→ **Directions for this task**
What you submit must be an exact copy of the listing below, with no images in it.

→ **Data provided**
******************************
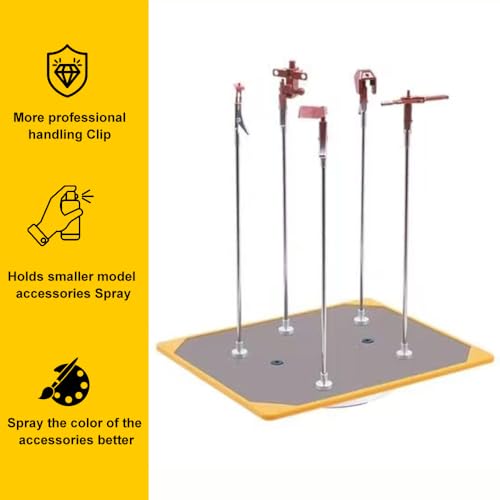 12PCS Stainless Magnetic Bases for Model Spraying, Strong Grip, Anti-Slip Attach to Iron Workbenches/Turntables Durable, 0.4" Washable - Ideal for Miniatures & Small Parts (Clips Not Includ) PMKJ033M - size: Magnetic base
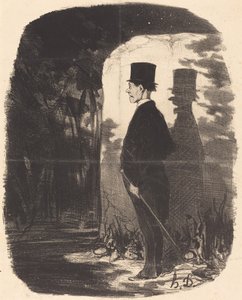 Det burde være unødvendig å si at jeg må krysse denne... skogen... av Honoré Daumier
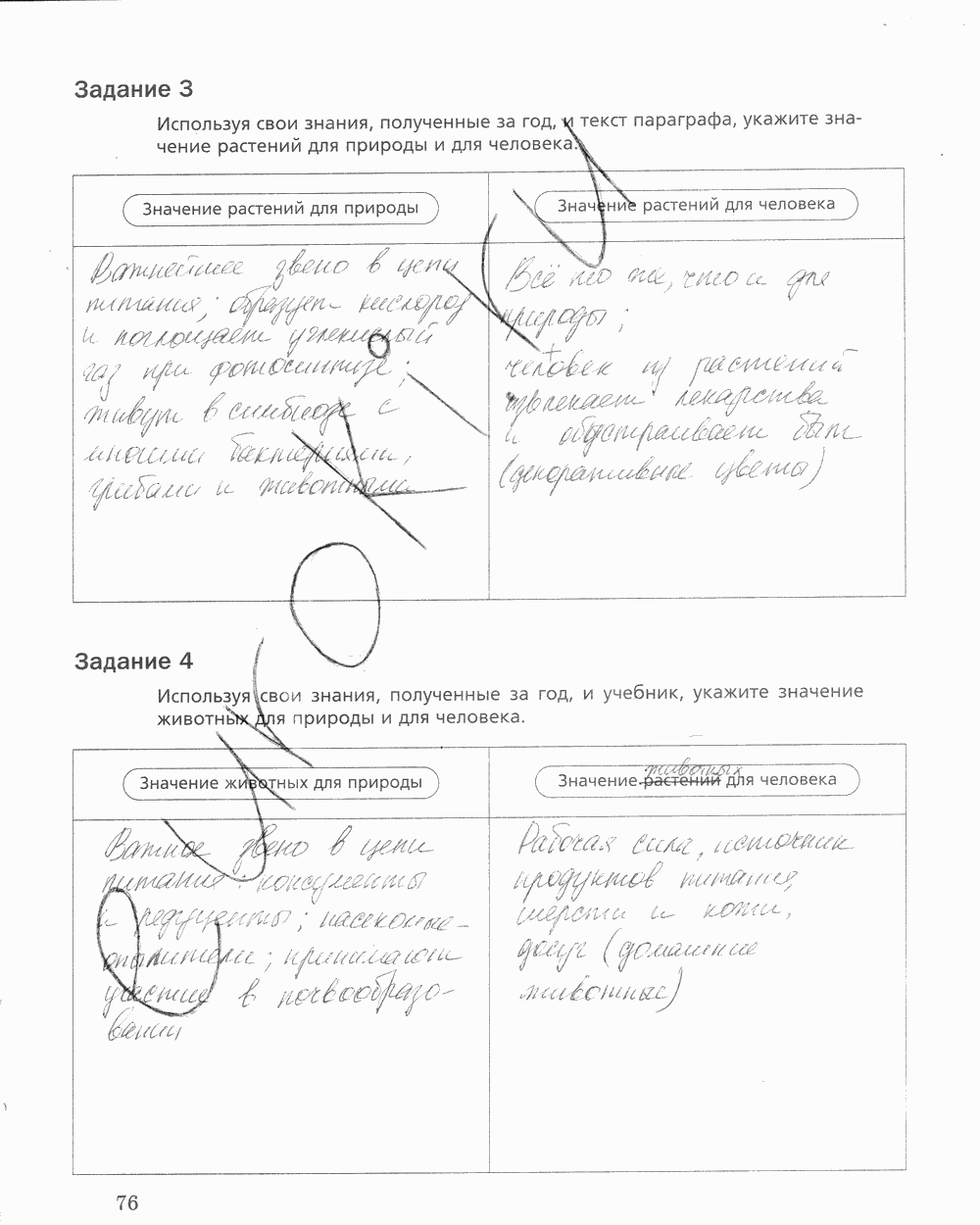 Рабочая тетрадь, 5 класс, Корнилова О.А., Николаев И.В., 2010 - 2015, задание: стр. 76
******************************
→ **Result for this task**
 12PCS Stainless Magnetic Bases for Model Spraying, Strong Grip, Anti-Slip Attach to Iron Workbenches/Turntables Durable, 0.4" Washable - Ideal for Miniatures & Small Parts (Clips Not Includ) PMKJ033M - size: Magnetic base
 Det burde være unødvendig å si at jeg må krysse denne... skogen... av Honoré Daumier
 Рабочая тетрадь, 5 класс, Корнилова О.А., Николаев И.В., 2010 - 2015, задание: стр. 76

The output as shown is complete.